跳过内容

多保真门面

smac.facade.multi_fidelity_facade #

MultiFidelityFacade #

MultiFidelityFacade(
    scenario: Scenario,
    target_function: Callable | str | AbstractRunner,
    *,
    model: AbstractModel | None = None,
    acquisition_function: AbstractAcquisitionFunction
    | None = None,
    acquisition_maximizer: AbstractAcquisitionMaximizer
    | None = None,
    initial_design: AbstractInitialDesign | None = None,
    random_design: AbstractRandomDesign | None = None,
    intensifier: AbstractIntensifier | None = None,
    multi_objective_algorithm: AbstractMultiObjectiveAlgorithm
    | None = None,
    runhistory_encoder: AbstractRunHistoryEncoder
    | None = None,
    config_selector: ConfigSelector | None = None,
    logging_level: int
    | Path
    | Literal[False]
    | None = None,
    callbacks: list[Callback] = None,
    overwrite: bool = False,
    dask_client: Client | None = None
)

基类: HyperparameterOptimizationFacade

这个门面在多保真设置中配置SMAC。

警告

smac.main.config_selector.ConfigSelector 包含 min_trials 参数。此参数确定训练代理模型所需的样本数量。如果涉及预算,会首先检查最高预算。例如,如果 min_trials 是三,但在运行历史中只找到最高预算的两个试验,我们将使用较低预算的试验来代替。

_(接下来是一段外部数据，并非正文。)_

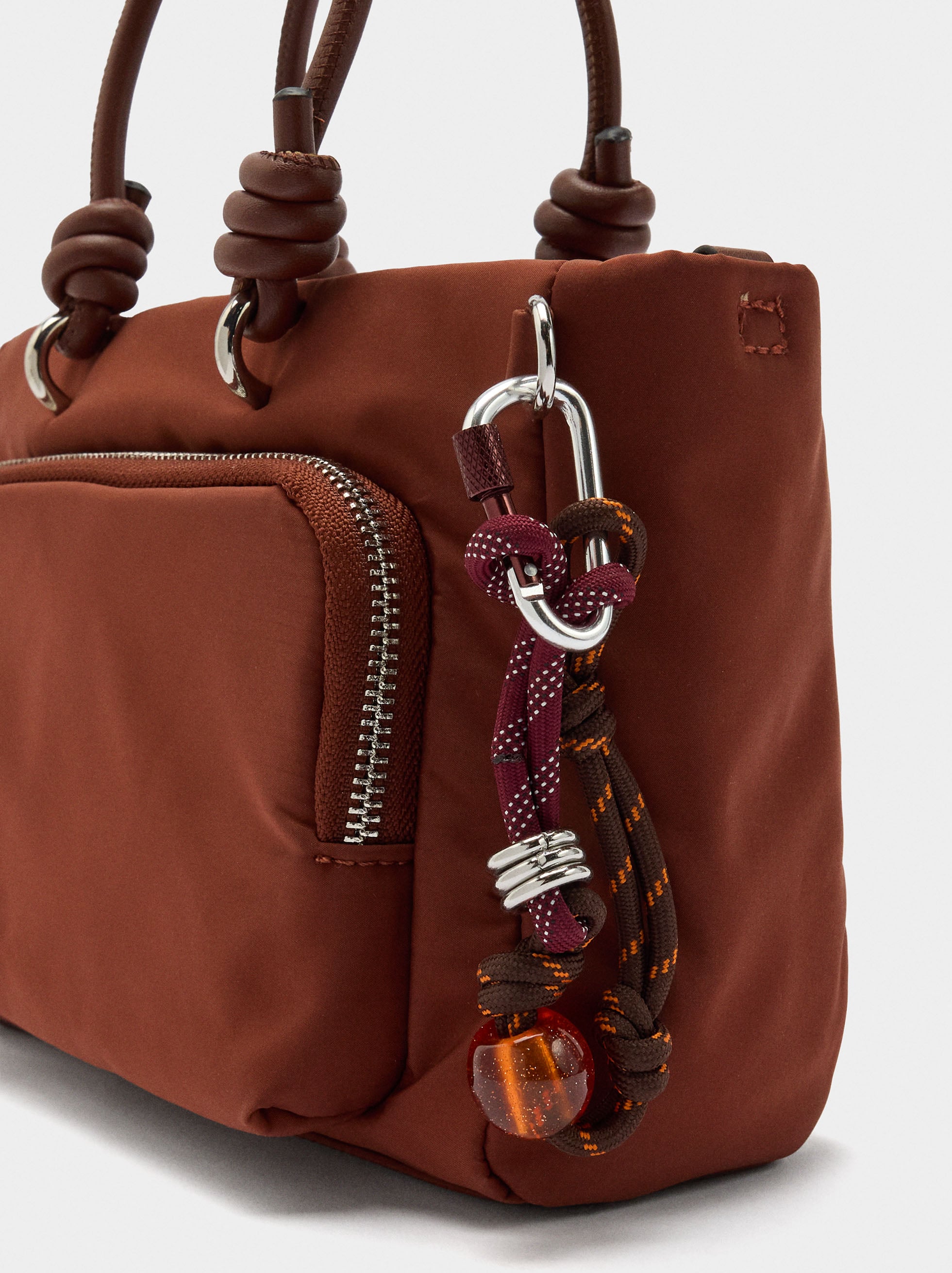 Bolso Tote De Nylon Con Colgante S
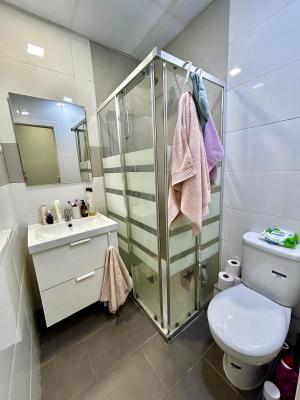 Apartamento cálido de alquiler en c/ Chinchilla cerca de la Gran Vía 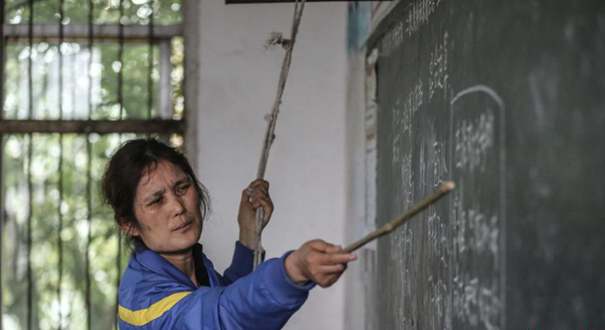 女教师患罕见病难站立 拽绳上课坚持3年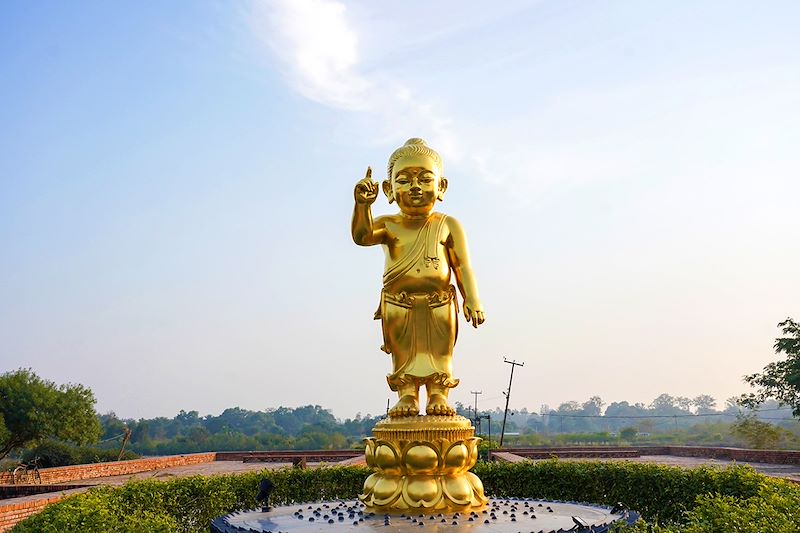 Voyage spirituel en Inde et Népal : sur les traces du Bouddha entre Bénarès, Lumbini et l'Everest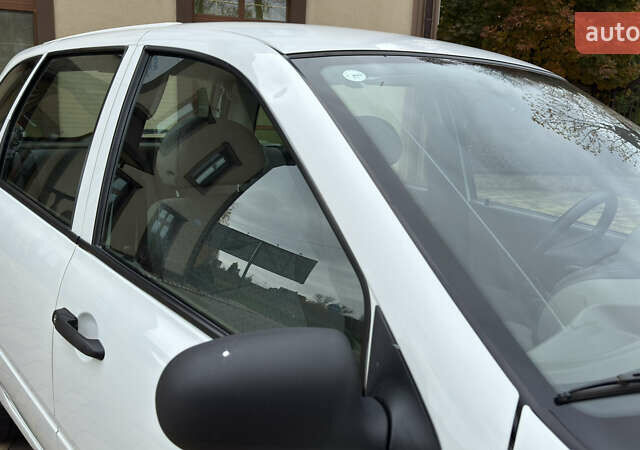 Білий ВАЗ 1117 Калина, об'ємом двигуна 1.4 л та пробігом 19 тис. км за 3950 $, фото 36 на Automoto.ua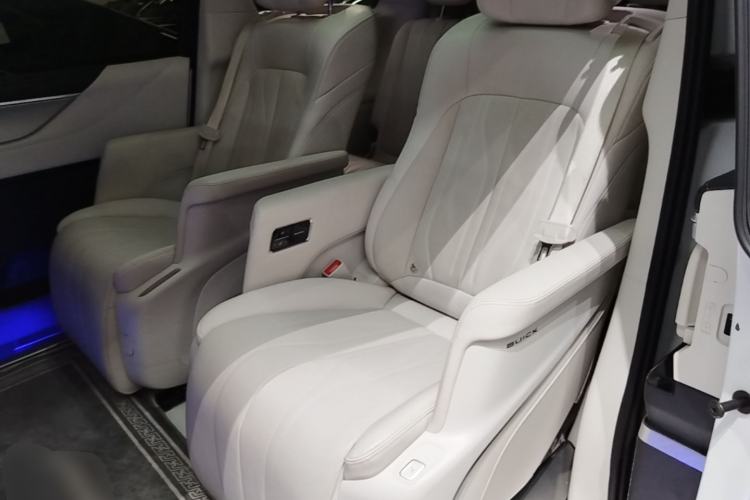 Used Buick GL8 New Energy 2024 Lu Zun Deluxe Edition 7-Seater Left Rear Seat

源代码在 smac/facade/abstract_facade.py
def __init__(
    self,
    scenario: Scenario,
    target_function: Callable | str | AbstractRunner,
    *,
    model: AbstractModel | None = None,
    acquisition_function: AbstractAcquisitionFunction | None = None,
    acquisition_maximizer: AbstractAcquisitionMaximizer | None = None,
    initial_design: AbstractInitialDesign | None = None,
    random_design: AbstractRandomDesign | None = None,
    intensifier: AbstractIntensifier | None = None,
    multi_objective_algorithm: AbstractMultiObjectiveAlgorithm | None = None,
    runhistory_encoder: AbstractRunHistoryEncoder | None = None,
    config_selector: ConfigSelector | None = None,
    logging_level: int | Path | Literal[False] | None = None,
    callbacks: list[Callback] = None,
    overwrite: bool = False,
    dask_client: Client | None = None,
):
    setup_logging(logging_level)

    if callbacks is None:
        callbacks = []

    if model is None:
        model = self.get_model(scenario)

    if acquisition_function is None:
        acquisition_function = self.get_acquisition_function(scenario)

    if acquisition_maximizer is None:
        acquisition_maximizer = self.get_acquisition_maximizer(scenario)

    if initial_design is None:
        initial_design = self.get_initial_design(scenario)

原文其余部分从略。